4. Aux termes de l'article R. 431-10 du code de l'entrée et du séjour des étrangers et du droit d'asile : " L'étranger qui demande la délivrance ou le renouvellement d'un titre de séjour présente à l'appui de sa demande :/ 1° Les documents justifiants de son état civil ; (..) ". Aux termes de l'article L. 811-2 du même code : " La vérification de tout acte d'état civil étranger est effectuée dans les conditions définies par l'article 47 du code civil ". L'article 47 du code civil dispose que : " Tout acte de l'état civil des Français et des étrangers fait en pays étranger et rédigé dans les formes usitées dans ce pays fait foi, sauf si d'autres actes ou pièces détenus, des données extérieures ou des éléments tirés de l'acte lui-même établissent, le cas échéant après toutes vérifications utiles, que cet acte est irrégulier, falsifié ou que les faits qui y sont déclarés ne correspondent pas à la réalité. ". Enfin, aux termes de l'article 1 du décret du 24 décembre 2015 relatif aux modalités de vérification d'un acte de l'état civil étranger : " Lorsque, en cas de doute sur l'authenticité ou l'exactitude d'un acte de l'état civil étranger, l'autorité administrative saisie d'une demande d'établissement ou de délivrance d'un acte ou de titre procède ou fait procéder, en application de l'article 47 du code civil, aux vérifications utiles auprès de l'autorité étrangère compétente, le silence gardé pendant huit mois vaut décision de rejet. / Dans le délai prévu à l'article L. 231-4 du code des relations entre le public et l'administration, l'autorité administrative informe par tout moyen l'intéressé de l'engagement de ces vérifications. ".
5. Il résulte des dispositions de l'article 47 du code civil qu'en cas de doute sur l'authenticité ou l'exactitude d'un acte de l'état civil étranger et pour écarter la présomption d'authenticité dont bénéficie un tel acte, l'autorité administrative procède aux vérifications utiles.
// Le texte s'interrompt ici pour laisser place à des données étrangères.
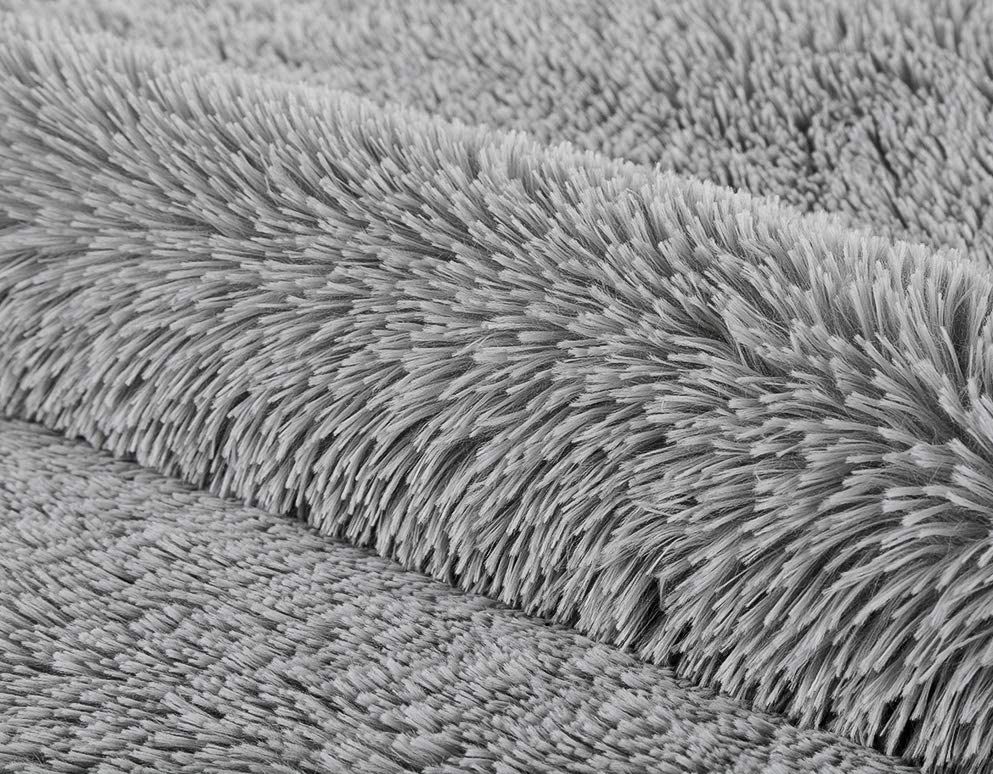 Large Fluffy Shag Fur Rugs - Grey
Si l'article 47 du code civil pose une présomption de validité des actes d'état civil établis par une autorité étrangère dans les formes usitées dans ce pays, il incombe à l'administration de renverser cette présomption en apportant la preuve, par tout moyen, du caractère irrégulier, falsifié ou non conforme à la réalité des actes en question. En cas de contestation par l'administration de la valeur probante d'un acte d'état civil établi à l'étranger, il appartient au juge administratif de former sa conviction au vu de l'ensemble des éléments produits par les parties. En revanche, l'autorité administrative n'est pas tenue de solliciter nécessairement et systématiquement les autorités d'un autre État afin d'établir qu'un acte d'état civil présenté comme émanant de cet État est dépourvu d'authenticité, en particulier lorsque l'acte est, compte tenu de sa forme et des informations dont elle dispose sur la forme habituelle du document en question, manifestement falsifié.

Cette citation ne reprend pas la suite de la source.